Activity
Only the lines from the one bearing "40oz Insulated Water" through the end of the listing belong in your response, restated word for word and without pictures.

Supplied records

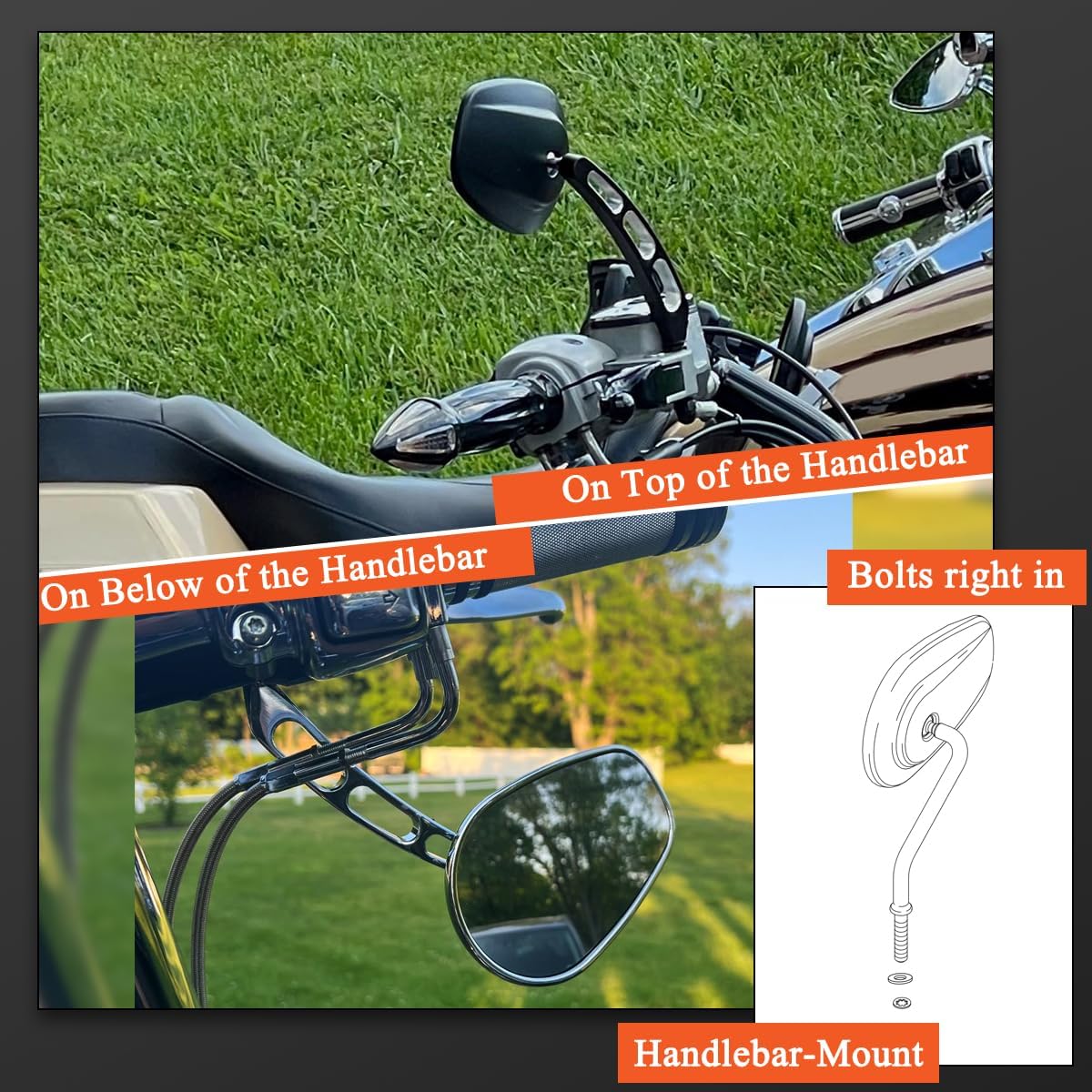 FOVPLUE Handlebar Mount Mirrors,Left & Right Side Rearview mirrors for 1982-2025 Harley Models,for CVO Dyna Electra Glide Road Glide Road King Softail Street Glide Sportster 1200 883,Chrome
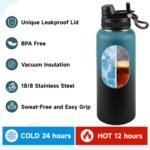 40oz Insulated Water Bottle - 2-in-1 Leak-Proof Lid (Sip/Straw) + Handle, Stainless Steel Bottle for Sports, Commuting, Office Work, Outdoor Activities, Orange, 1 Pack - Image 5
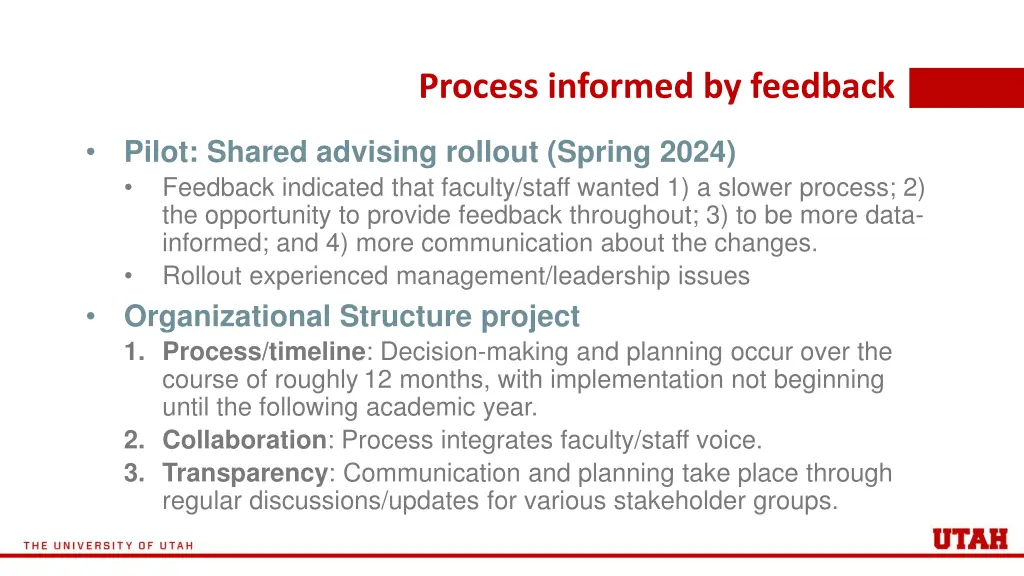 process informed by feedback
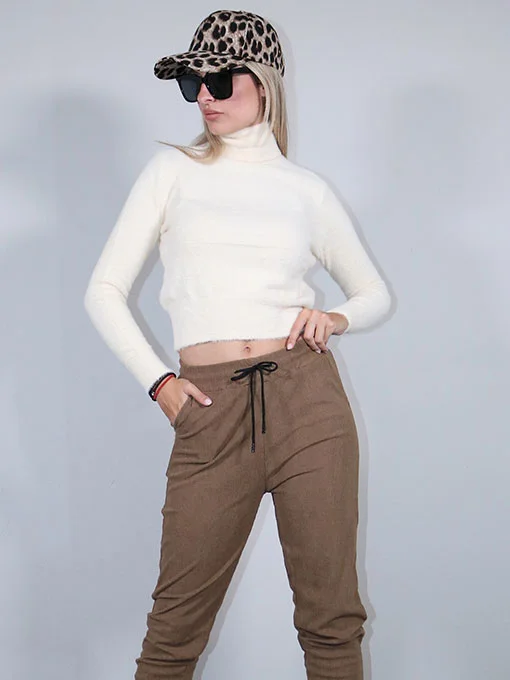 Μπλουζάκι crop πλεκτό εκρού χνούδι ζιβάγκο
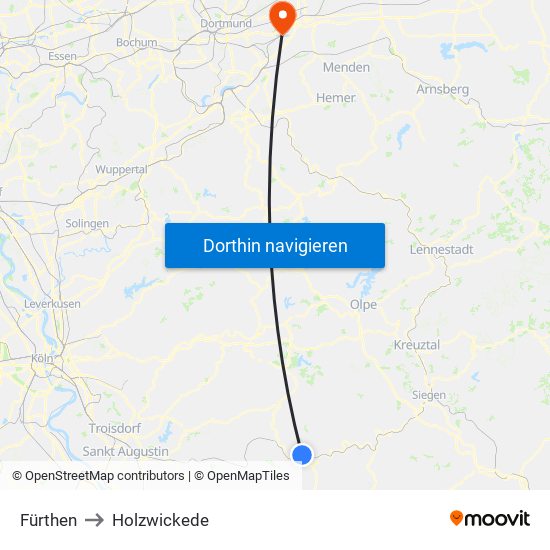 Fürthen to Holzwickede map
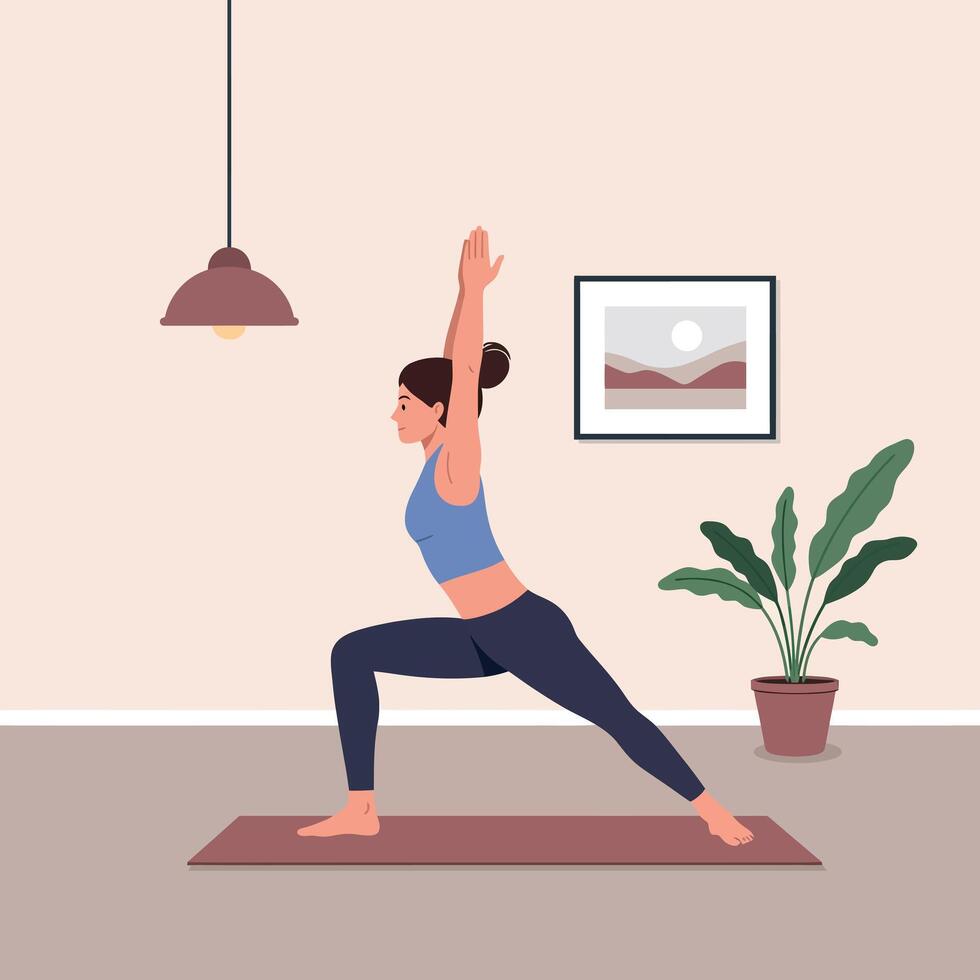Woman practicing yoga in a peaceful indoor setting with a minimal style and soothing atmosphere, showcasing strength and balance in art vector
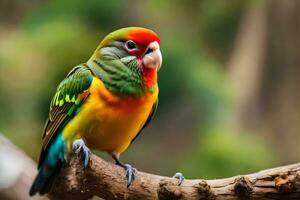 a colorful bird sits on a branch. AI-Generated photo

Answer space
 40oz Insulated Water Bottle - 2-in-1 Leak-Proof Lid (Sip/Straw) + Handle, Stainless Steel Bottle for Sports, Commuting, Office Work, Outdoor Activities, Orange, 1 Pack - Image 5
 process informed by feedback
 Μπλουζάκι crop πλεκτό εκρού χνούδι ζιβάγκο
 Fürthen to Holzwickede map
Woman practicing yoga in a peaceful indoor setting with a minimal style and soothing atmosphere, showcasing strength and balance in art vector
 a colorful bird sits on a branch. AI-Generated photo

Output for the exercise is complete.